# She has her own place, separation has begun, tips please!



## f1r3f1y3 (Dec 8, 2009)

Hi,

so my wife has got her own place after her EAs and all our problems. We have agreed a 6 month trial separation. She does not want to move out, so it has been very hard to make this happen and it has taken weeks to arrange. However every time I question whether it's the right thing to do, she does something to remind me it is. 

I am paying her rent until she finds a job with more hours. Our son will stay with me 4 nights through the week and with her 3 nights over the weekend.

I need to somehow get my son to and from school every day and I know it will be hard to keep the house running, I work long hours although from home. I don't know what this is going to feel like. 

We have agreed to date once a week, so I need to arrange a weekly baby sitter. I don't know where we'll go or what we'll do, money will be tight.

Our son took the news really well. In fact he seems quite excited at the prospect of sleeping in the flat sometimes then the house. We just told him we weren't getting on well and wanted to spend a little time apart. He asked some questions and responded very positively to this. Huge relief on that front.

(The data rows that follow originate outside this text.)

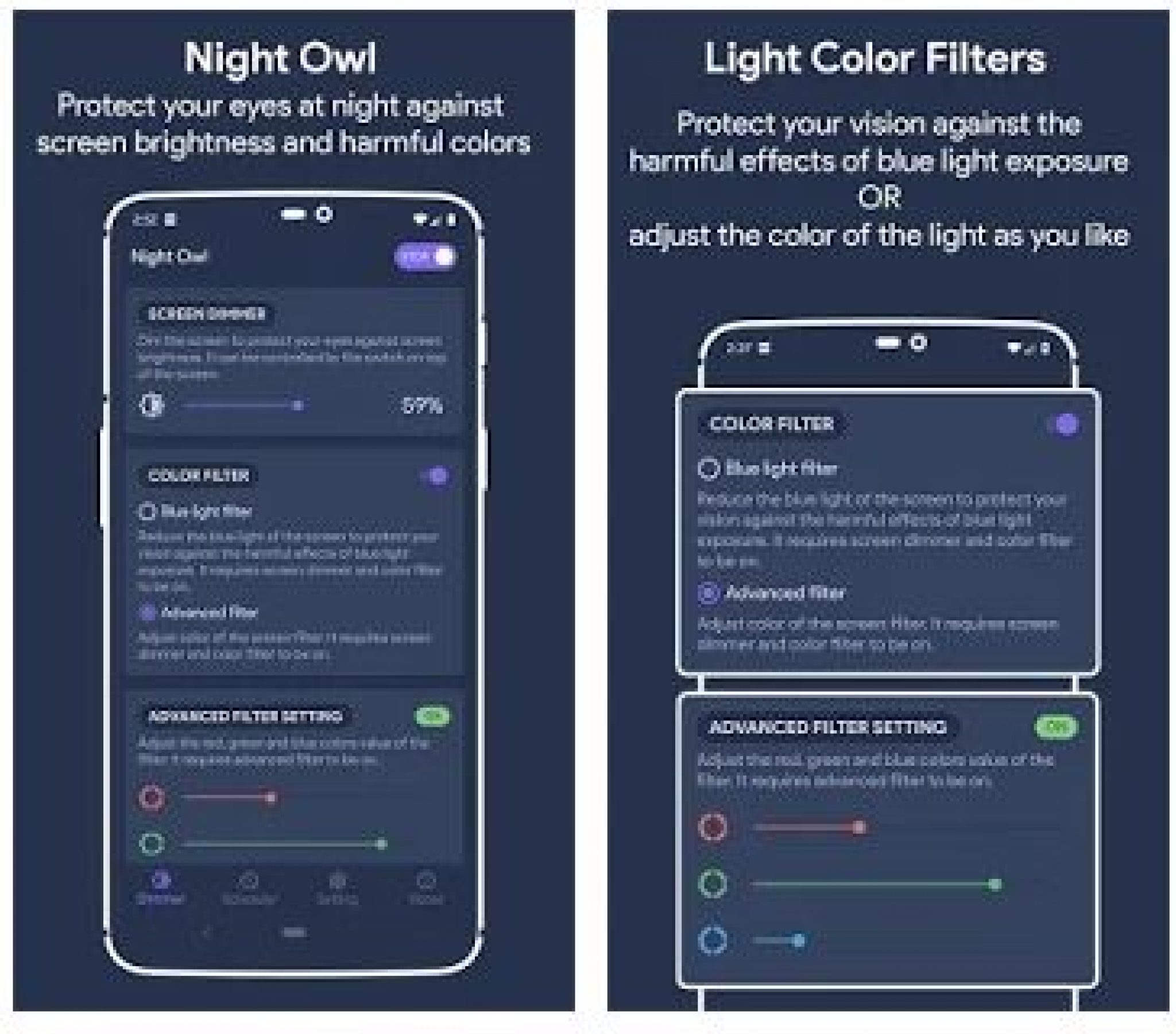 11 Best Screen Dimmer Apps in 2023 (Android & iOS) Free apps for
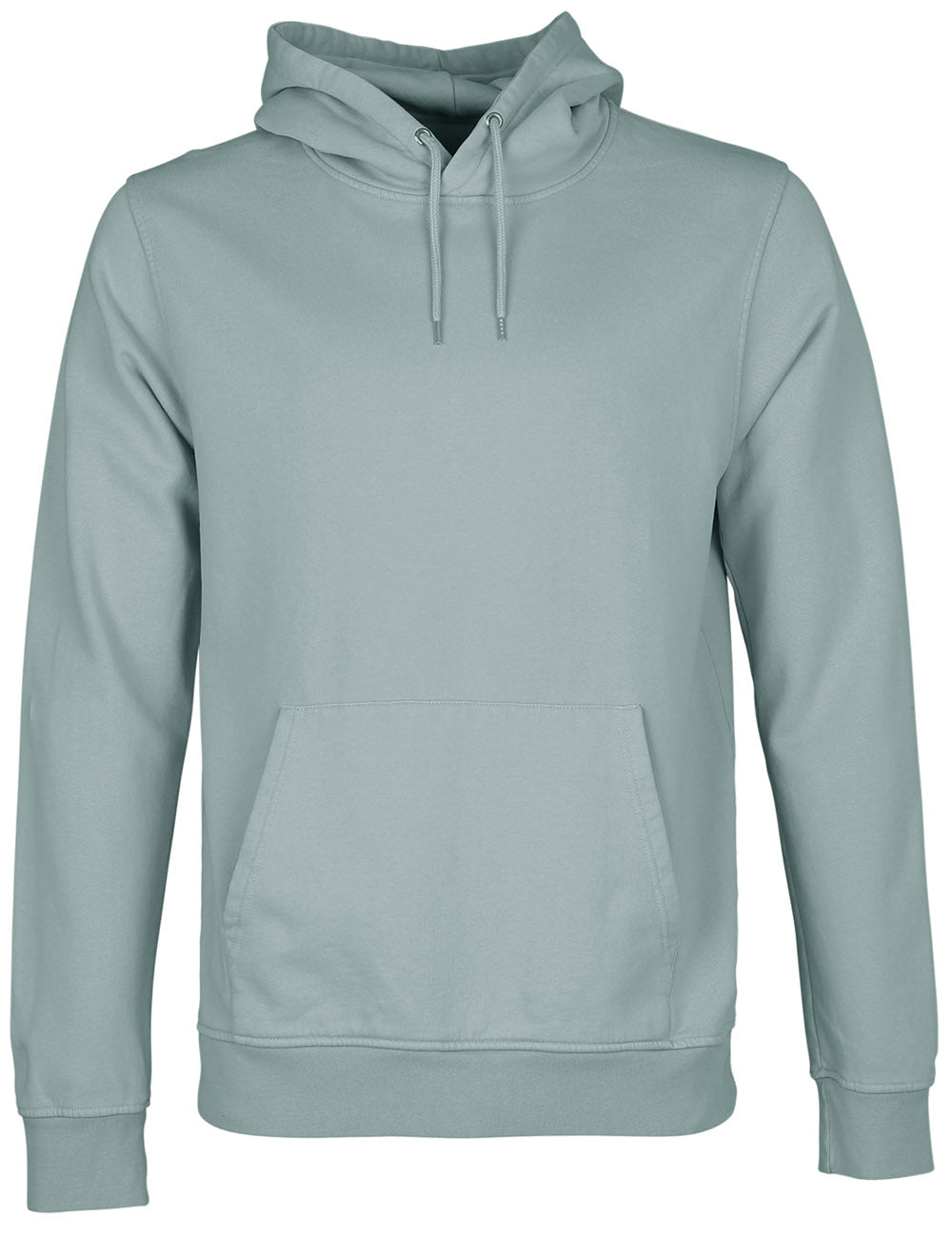 Colorful Standard Classic Organic Hoodie Steel Blue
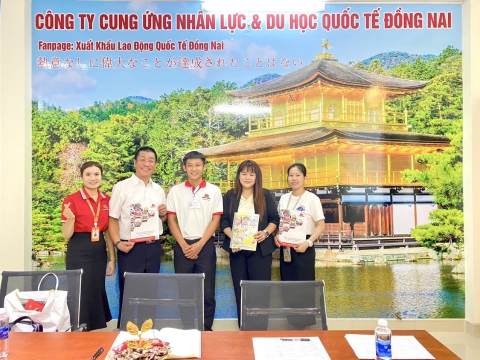 TRUNG TÂM ĐỒNG NAI HÂN HẠNH ĐƯỢC GẶP ĐỠ QUÝ ĐỐI TÁC TẠI NHẬT BẢN - HÀN QUỐC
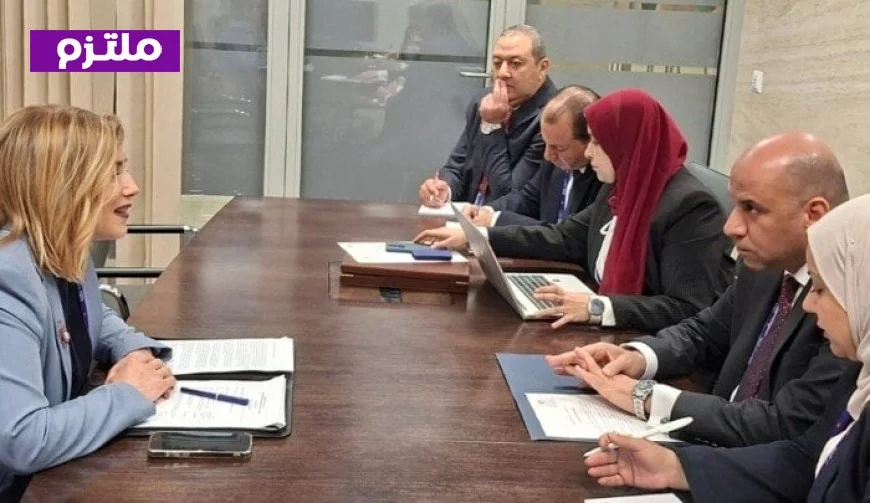 وزير العمل يستعرض مع نائب وزير الاقتصاد الألباني سبل التعاون لتوظيف العمالة وتعزيز تبادل الخبرات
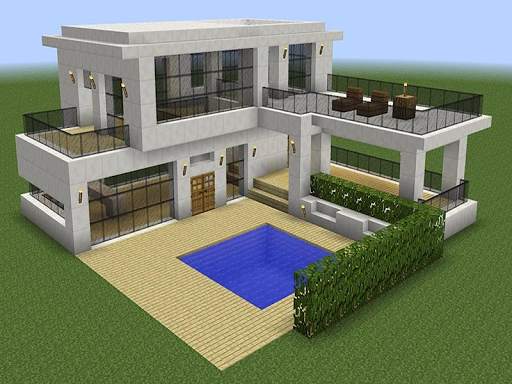 New Modern House For Minecraft screenshot 3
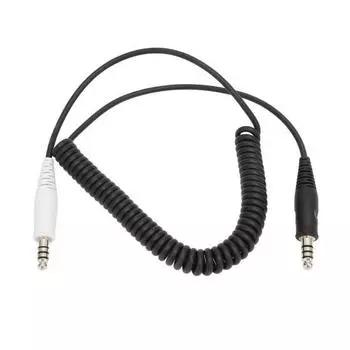 Комплект для шлема, устойчивый к растяжению, простой в использовании адаптер для шнура шлема для самолетов IMSA Aviation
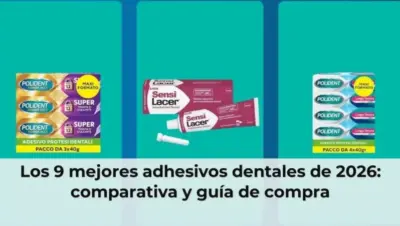 Los 9 mejores adhesivos dentales de 2026: comparativa y guía de compra 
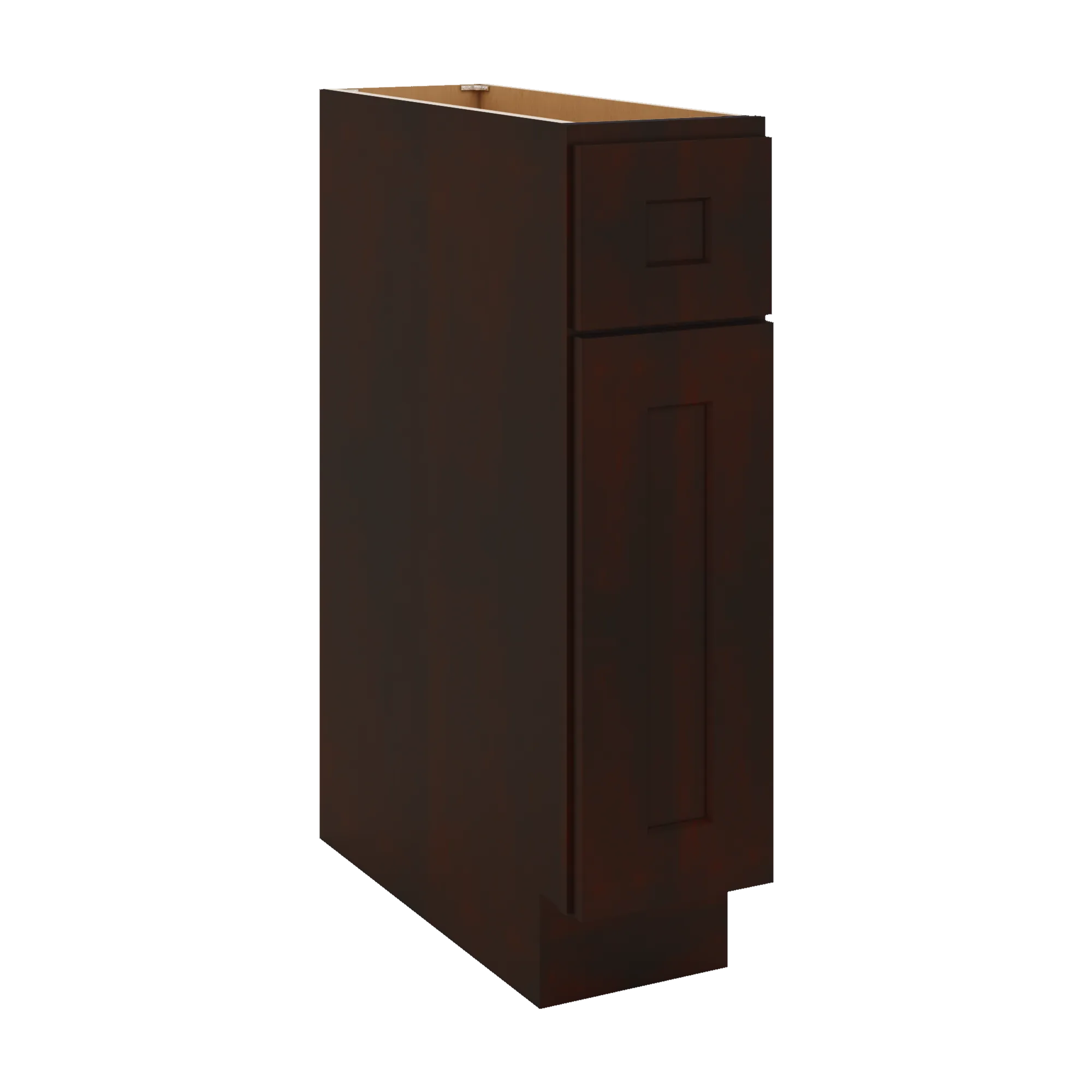 J&K Java Coffee S1 Single Door Standard Base Cabinet - 9" W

I just hope over the next 6 months we can rebuild our marriage from scratch, minus all the lies.


----------



## nice777guy (Nov 23, 2009)

firefly - don't know your whole story

FWIW - when we did this same thing - almost exactly - people told me that my wife was just looking to create space to make her lying easier; didn't want to believe it, but now see that its true

You may find once you get settled in - after about 3 months - a certain comfort level with things; you'll have peace at home - some quality time alone with your son and your wife will be out of sight and mind - but please don't confuse this with progress

This feeling of comfort has to some extent kept me in limbo now; the kids are used to whats going on; I'm still - to some degree - supporting my wife and finding it hard to break that off;

And most of all, I'm still catching the lies, even though I don't look as hard;

Our initial lease ended on May 30th - she's still in the apartment and I see no end in sight

Sorry - not trying to bring you down - and hope your situation turns out much different than mine; just be careful not to confuse peace with progress;


----------